Crítica publicada em O Globo
Por Clovis Levi – Rio de Janeiro – 18.03.1975

Barra

A Viagem do Barquinho

“Uma viagem deve ser uma festa”. Sylvia Orthof, baseada nesta afirmação da lavadeira, consegue fazer com que as crianças presentes ao teatro participem de uma viagem poética e repleta de ternura. Seu espetáculo (texto e direção). A Viagem do Barquinho – estreado neste fim de semana, no MAM – procura atuar sobre a disponibilidade que todos temos de nos abrir para as experiências da vida: “ir e voltar sem tempo de chegar”. A liberdade do barquinho e o egoísmo de seu dono são trabalhados de modo a que paire, no ar, um constante sentimento de soltura, de busca, de aventuras e descobertas. O texto, primeiro lugar no Concurso de Peças Infantis promovido pela Fundação Teatro Guairá, é uma obra inteligente, que consegue aliar uma boa capacidade de percepção poética da realidade a uma linguagem que fala com as crianças com muita fantasia e simplicidade. A peça tem certos trechos que merecem citação, como só gente sem imaginação é que não pode voltar; ou as nuvens ultimamente andam tão sem responsabilidade; ou como é que você pode amar uma pessoa e querer que ela seja sua?; Ou, ainda, você vai cometer a infelicidade de ser feliz para sempre.

A montagem é digna do texto: torna-o claro e amplia seu significado através da ação e da forma. O espetáculo consegue unir um tom profundamente auto ilusionista a uma atmosfera de muita fantasia (a mala; o sonho; a ideia de temperar o rio, porque ele está muito doce). A encenação é extremamente bem cuidada, sendo visível o esmero existente na criação de cenário, figurinos, bonecos e adereços. O único senão existente está no ritmo: a direção ainda não descobriu a fórmula ideal e o espetáculo se arrasta um pouco (mas esse problema certamente será logo resolvido a partir das repetições dos contatos entre a montagem e o público).
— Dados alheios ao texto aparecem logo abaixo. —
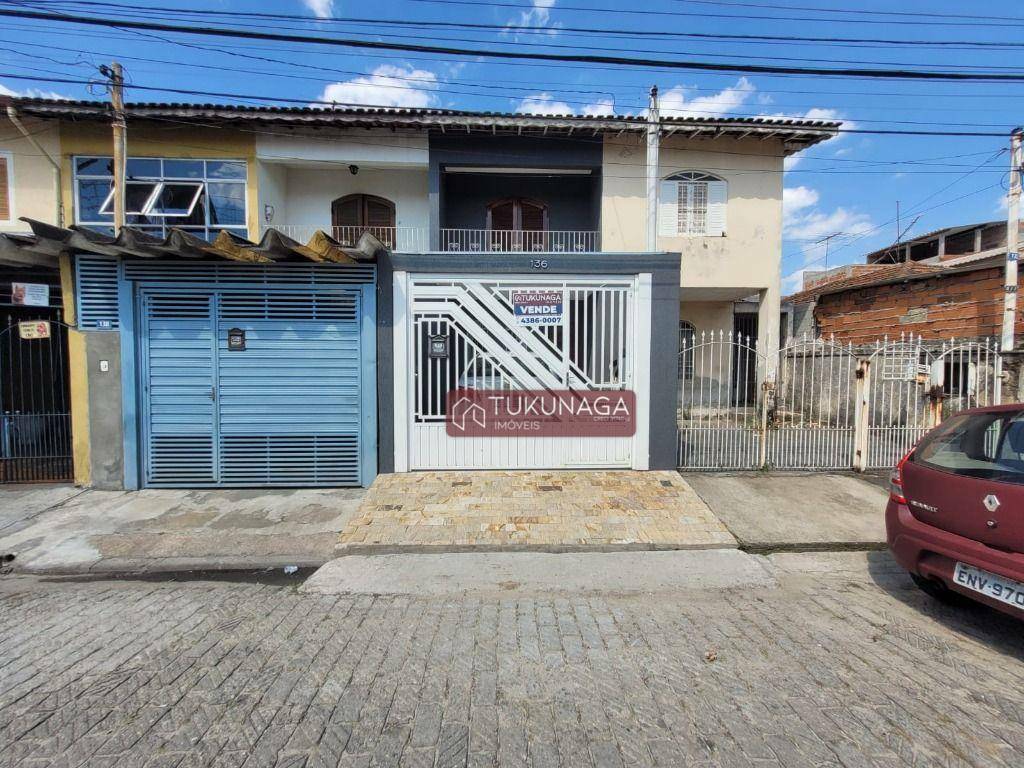 Sobrado à venda por R$ 420.000,00 - Vila Galvão - Guarulhos/SP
A influência positiva da direção é notada, ainda, quando se analisa a interpretação dos atores. Claudia Orthof (lavadeira), Sylvia de Silva (menino), Ge Orthof (azul) e Reginaldo de Silva (verde) demonstram muita autoridade no que dizem e no que fazem. Nota-se que foram dirigidos com muita firmeza; suas inflexões e suas marcas são tão eficientes quanto descontraídas. As maiores exigências estão com Cláudia e Sílvia e ambas saem-se muito bem, sendo comunicativas, criando um clima de veracidade para seus personagens e deixando-nos bons momentos, como a perda de respiração da lavanderia, por exemplo.
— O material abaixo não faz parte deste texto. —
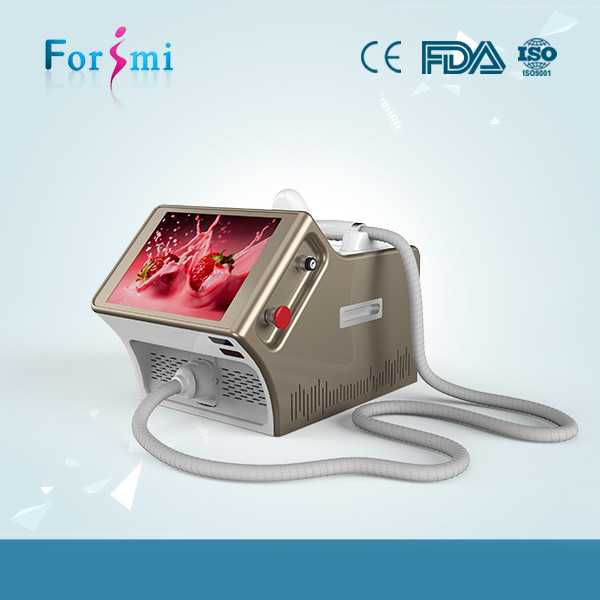 Quality medical customized Germany DILAS Diode Laser Hair Removal Permanently for sale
A música de Chico Moreira é bonita, terna e adequada ao espetáculo. Todo o clima que envolve o final deve sua eficácia à música do barquinho. A Viagem do Barquinho é uma peça inteligente e que foi montada com muito cuidado e certo brilho, estabelecendo momentos de poesia e beleza. E, para uma encenação que tem achados tão interessantes como o do vagalume, aquele parabéns para você só pode soar como uma apelação totalmente gratuita. Depois que o espetáculo descobrir seu ritmo e depois que puder contar com um espaço maior (na sala Corpo/Som, para onde irá brevemente, a montagem crescerá bastante) o público infantil irá identificar-se mais e mais. E o barquinho irá deslizar cada vez mais tranquilo, provando para todos que uma viagem deve ser, sempre, uma verdadeira e maravilhosa festa.

Recomendações:
Sem restrições: História de Lenços e Ventos
Com pequenas restrições: Você Tem um Caleidoscópio?, A Viagem do Barquinho A Varinha do Faz de Conta.